Cuny C, Petit A, Maingueneau C, Covillard J, Wolf J E, Louis P
Centre de cardiologie, CHRU du Bocage, Dijon.
Arch Mal Coeur Vaiss. 1992 May;85(5):615-8.
A four year old child was admitted for investigation of a cardiac murmur and cardiomegaly. Echocardiography showed a large left ventricular tumour, the extension of which was accurately defined by nuclear magnetic resonance imaging and the etiology confirmed by coronary angiography. Holter recordings showed salvoes of ventricular tachycardia. This is an interesting case because, despite echocardiography and nuclear magnetic resonance imaging, the precise nature of the tumour was revealed only by coronary angiography.
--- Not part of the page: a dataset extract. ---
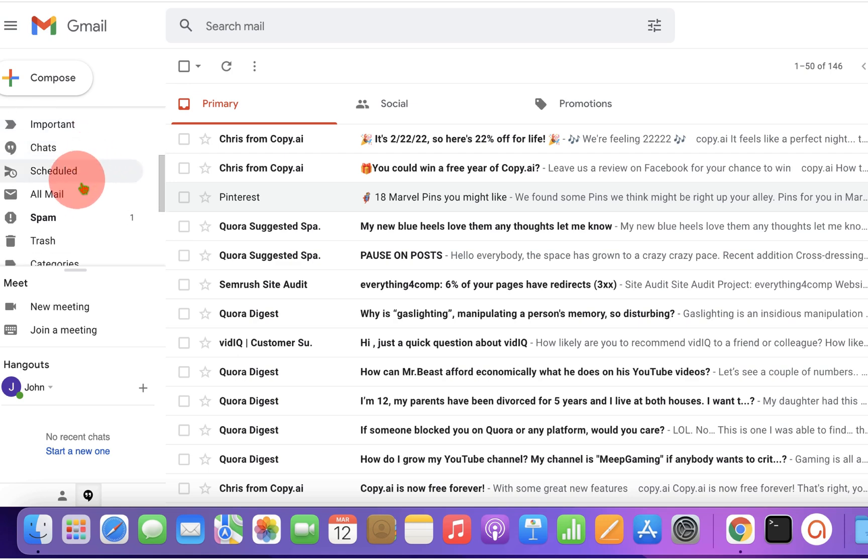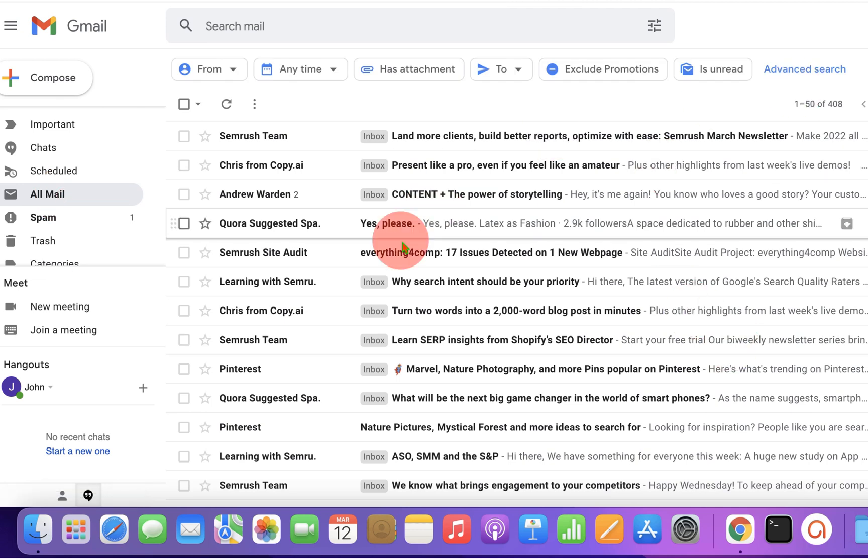And you will see the option All Mails. Click on the All Mails and you will see all the emails.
This investigation also showed a significant decrease of the left ventricular ejection fraction. It is the only described haemangioma complicated by this type of ventricular hyperexcitability. Therefore, coronary angiography would seem to be necessary in the investigation of isolated myocardial masses which remain unidentified by non-invasive methods.
一名4岁儿童因心脏杂音和心脏扩大入院检查。超声心动图显示左心室有一个大肿瘤,其范围通过核磁共振成像精确界定,病因通过冠状动脉造影得以证实。动态心电图记录显示有室性心动过速发作。这是一个有趣的病例,因为尽管有超声心动图和核磁共振成像,但肿瘤的确切性质仅通过冠状动脉造影才得以揭示。这项检查还显示左心室射血分数显著降低。这是唯一报道的伴有此类心室过度兴奋的血管瘤。因此,对于通过非侵入性方法仍无法明确的孤立性心肌肿块,冠状动脉造影似乎是必要的检查手段。